# Symbolic Fuzzing

One of the problems with traditional methods of fuzzing is that they fail to penetrate deeply into the program. Quite often the execution of a specific branch of execution may happen only with very specific inputs, which may represent an extremely small fraction of the input space. The traditional fuzzing methods relies on chance to produce inputs they need. However, relying on randomness to generate values that we want is a bad idea when the space to be explored is large. For example, given a function that accepts a string, even if one only considers the first $10$ characters, already has $2^{80}$ possible inputs. If one is looking for a specific string, random generation of values will take a few thousand years even in one of the super computers.

Symbolic execution is a way out of this problem. A program is a computation that can be treated as a system of equations that obtains the output values from the given inputs. Executing the program symbolically -- that is, solving these mathematically -- along with any specified objective such as covering a particular branch or obtaining a particular output will get us inputs that can accomplish this task. In this chapter, we investigate how _symbolic execution_ can be implemented, and how it can be used to obtain interesting values for fuzzing.

**Prerequisites**

* You should have read the [chapter on coverage](Coverage.ipynb).
* Some knowledge of inheritance in Python is required.
* A familiarity with the [chapter on search based fuzzing](SearchBasedFuzzer.ipynb) would be useful.

## Using Symbolic Variables for Coverage

In the chapter on [parsing and recombining inputs](SearchBasedFuzzer.ipynb), we saw how difficult it was to generate inputs for `process_vehicle()` -- a simple function that accepts a string.

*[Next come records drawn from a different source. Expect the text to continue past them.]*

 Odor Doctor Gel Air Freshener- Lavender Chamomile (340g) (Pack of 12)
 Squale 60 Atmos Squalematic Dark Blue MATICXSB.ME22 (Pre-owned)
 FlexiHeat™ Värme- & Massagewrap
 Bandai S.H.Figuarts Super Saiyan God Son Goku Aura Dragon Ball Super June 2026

The solution given there was to rely on preexisting sample inputs. However, this solution is inadequate as it assumes the existence of sample inputs. What if there are sample inputs at hand?

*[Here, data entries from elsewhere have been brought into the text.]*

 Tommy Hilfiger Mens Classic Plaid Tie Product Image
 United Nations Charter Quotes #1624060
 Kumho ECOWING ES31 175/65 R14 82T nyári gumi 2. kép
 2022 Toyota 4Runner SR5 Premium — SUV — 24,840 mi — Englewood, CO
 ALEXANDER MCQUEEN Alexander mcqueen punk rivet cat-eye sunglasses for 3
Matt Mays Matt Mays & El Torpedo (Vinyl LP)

For a simpler example, let us consider the following function. Can we generate inputs to cover all the paths?

In [None]:
def check_triangle(a,b,c):
    if a == b:
        if a == c:
            if b == c:
                return "Equilateral"
            else:
                return "Isosceles"
        else:
            return "Isosceles"
    else:
        if b != c:
            if a == c:
                return "Isosceles"
            else:
                return "Scalene"
        else:
              return "Isosceles"

The control flow graph of this function can be represented as follows:

In [None]:
from graphviz import Source, Graph

In [None]:
import fuzzingbook_utils

In [None]:
from ControlFlow import PyCFG, CFGNode, to_graph, gen_cfg

In [None]:
import inspect

In [None]:
Source(to_graph(gen_cfg(inspect.getsource(check_triangle))))

The possible execution paths traced by the program can be represented as follows.

The function takes three parameters, and the possible execution paths are the following.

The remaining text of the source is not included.